→ DATA:
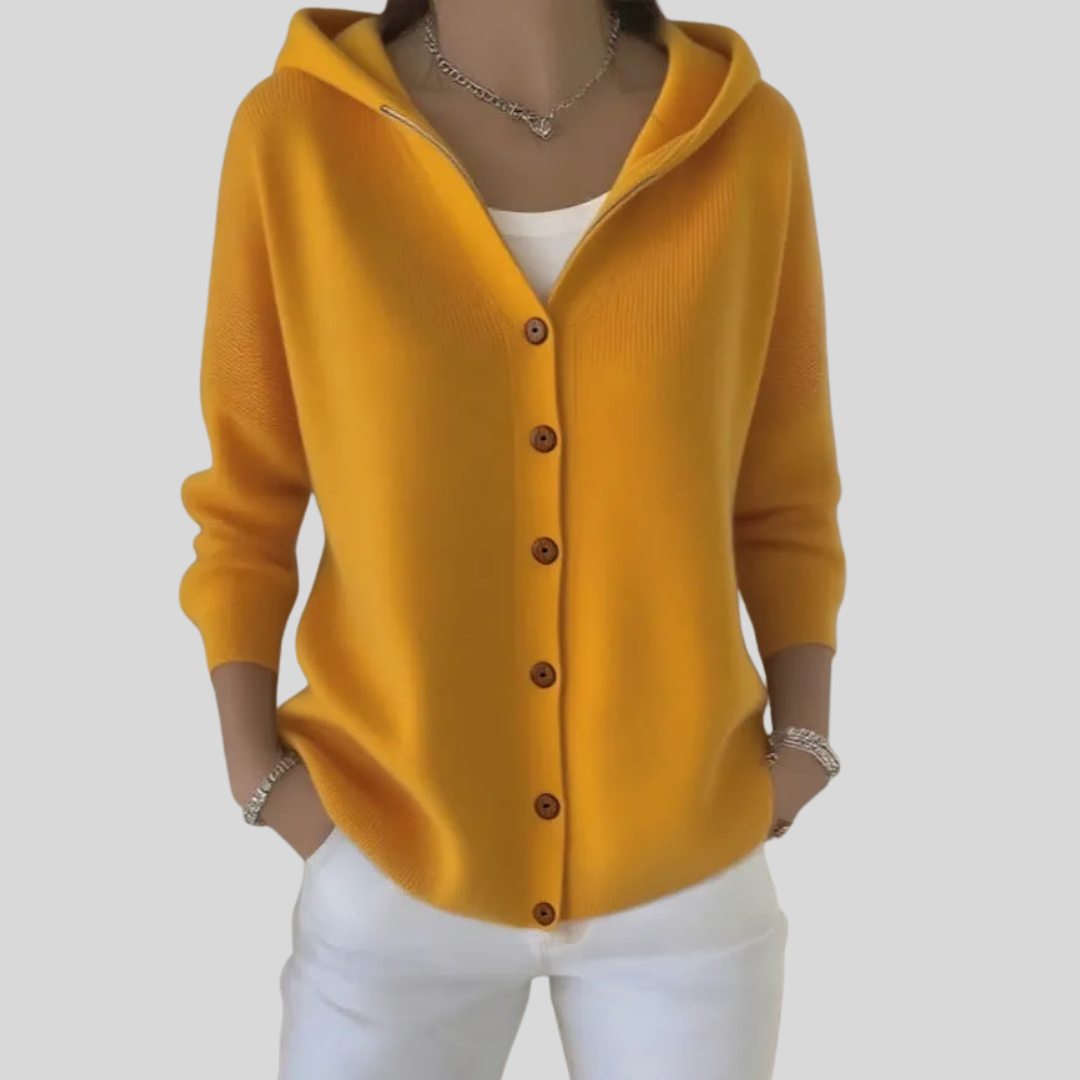 Morbido cardigan con cappuccio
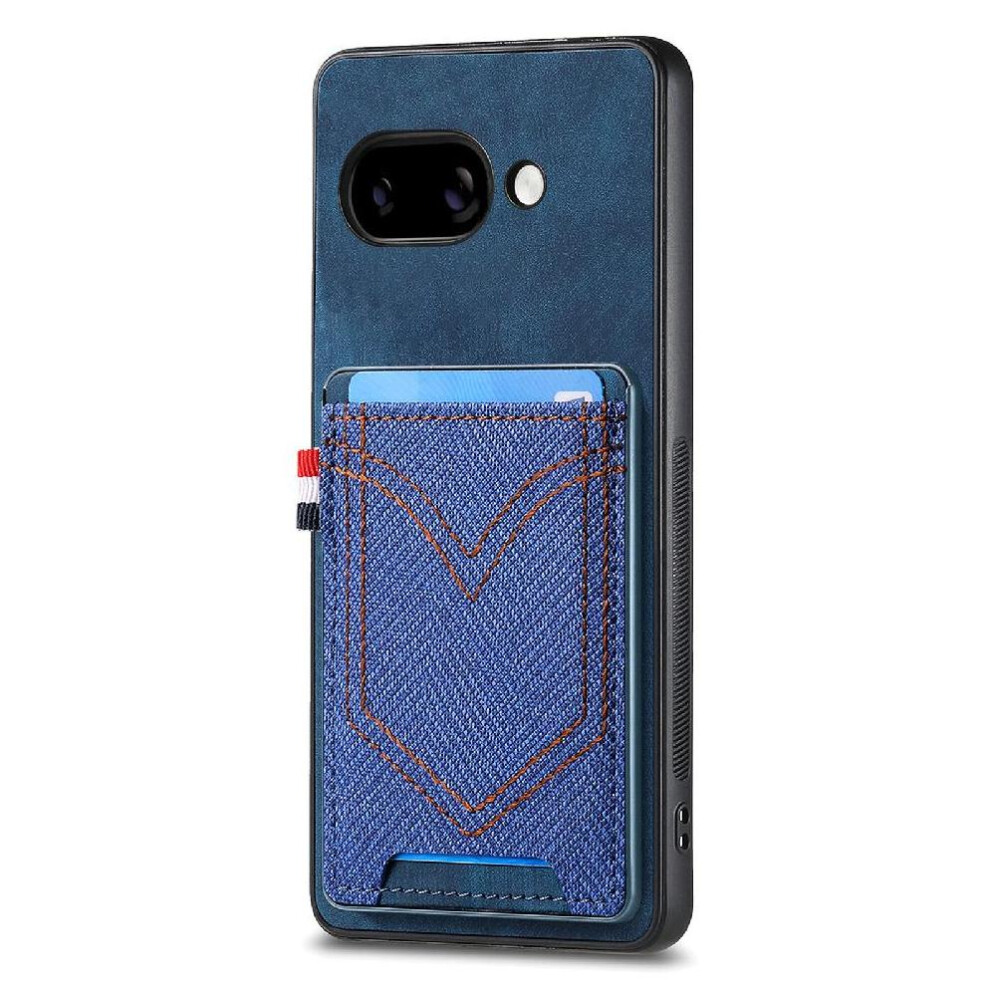 (Blue) Case For Google Pixel 9A Jeans Pocket Design Crad Slot Magnetic Car Mount Blue 764544151788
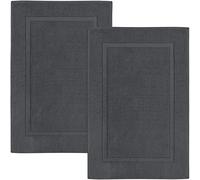 Utopia Towels Tapis de Bain à Rayures en Coton Lavable 53,3 x 86,4 cm Pack of 2 Gris foncé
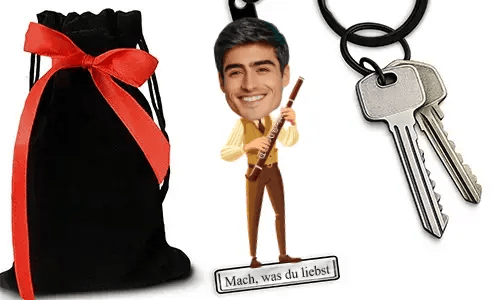 Personalized Recorder-Style Keychain With Name And Hobby Or Profession Design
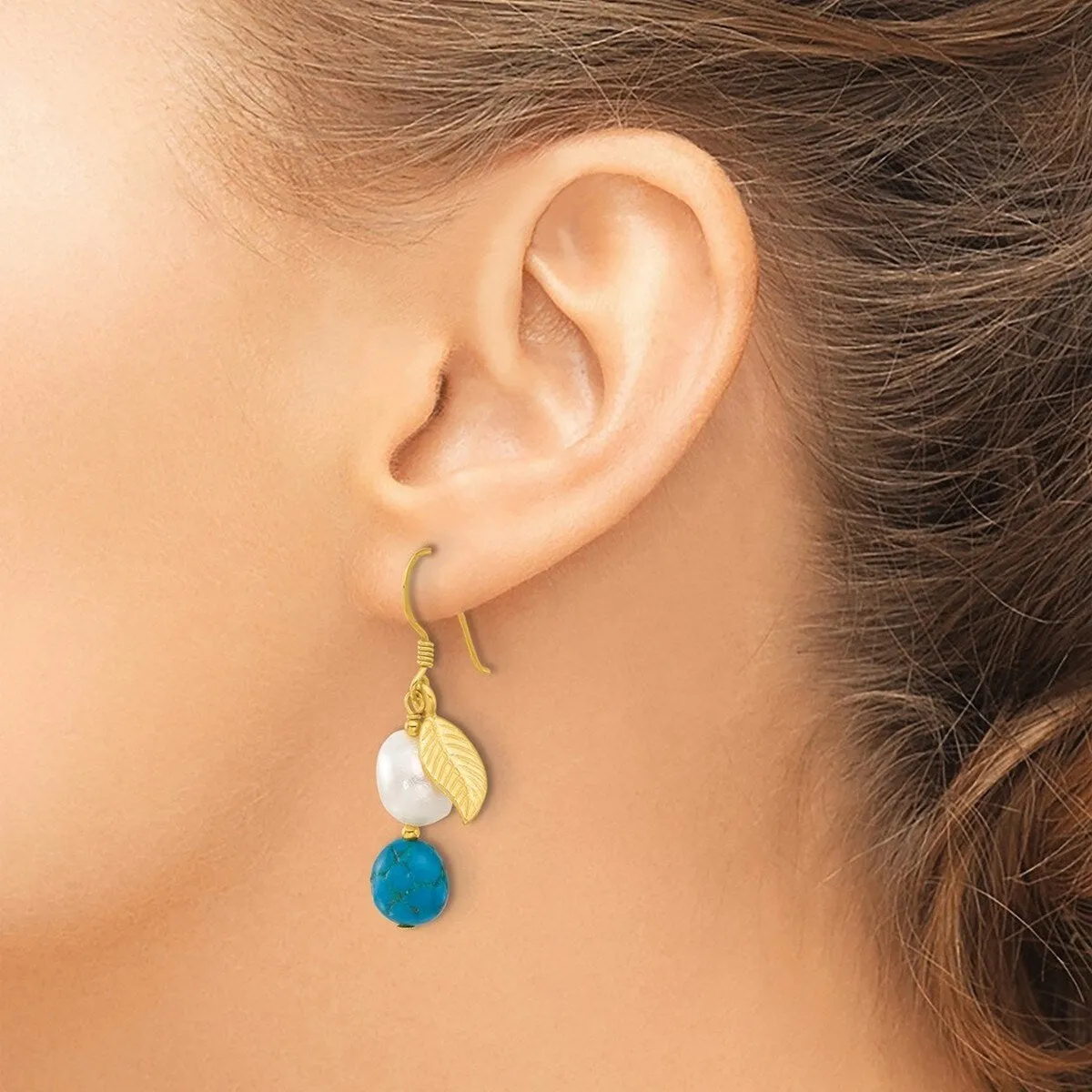 Curata 925 Sterling Silver Gold Plated Cultured Pearl Blue Zircon Leaf Dangle Earrings - 41.2x9.4mm sold by Zulily product image thumbnail 3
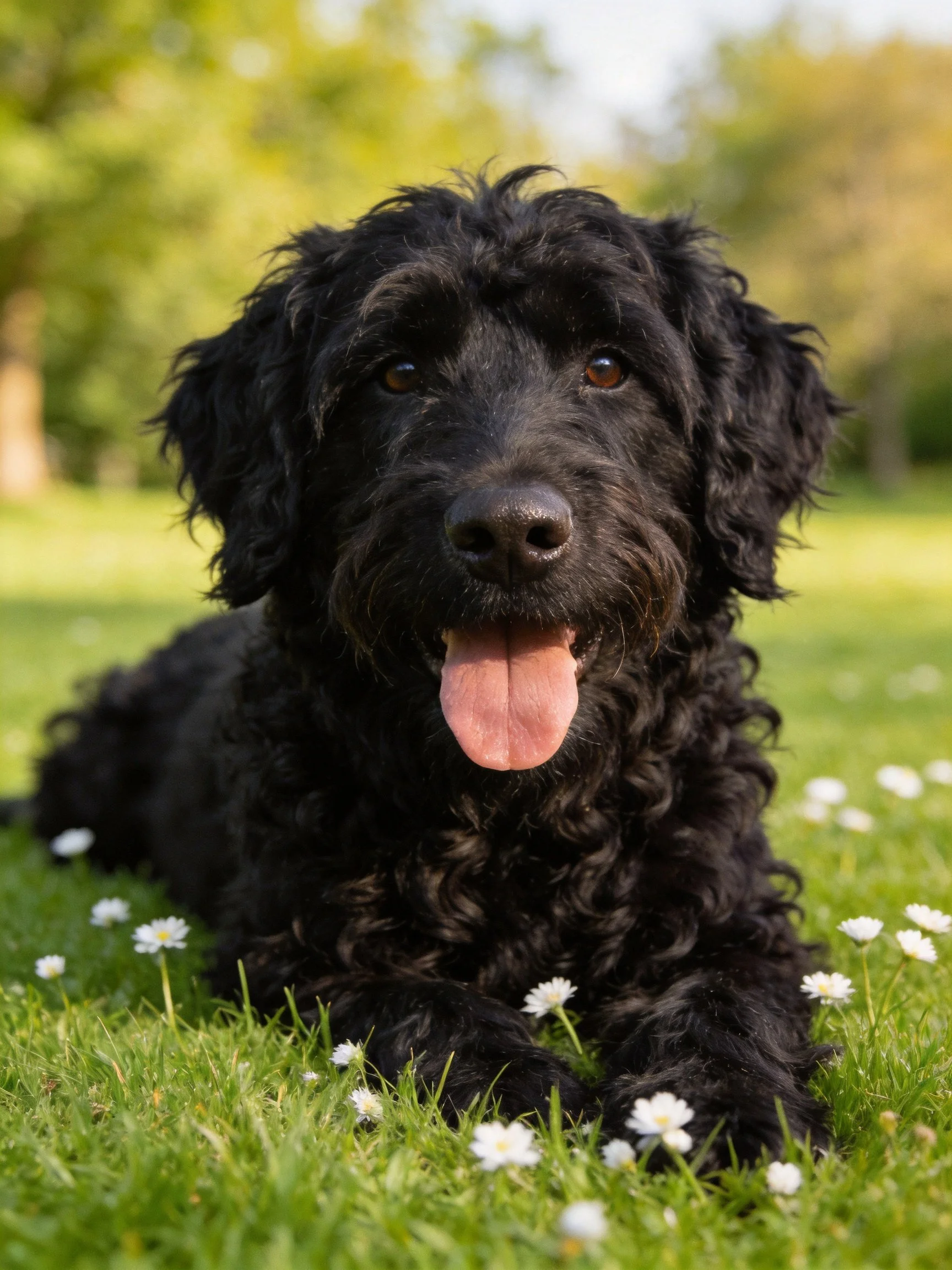 A black curly-coated dog resting on green grass with white flowers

→ PROMPT: Transcribe the listing in full and omit the pictures.

→ THE COMPLETED TASK:
 Morbido cardigan con cappuccio
 (Blue) Case For Google Pixel 9A Jeans Pocket Design Crad Slot Magnetic Car Mount Blue 764544151788
 Utopia Towels Tapis de Bain à Rayures en Coton Lavable 53,3 x 86,4 cm Pack of 2 Gris foncé
 Personalized Recorder-Style Keychain With Name And Hobby Or Profession Design
 Curata 925 Sterling Silver Gold Plated Cultured Pearl Blue Zircon Leaf Dangle Earrings - 41.2x9.4mm sold by Zulily product image thumbnail 3
 A black curly-coated dog resting on green grass with white flowers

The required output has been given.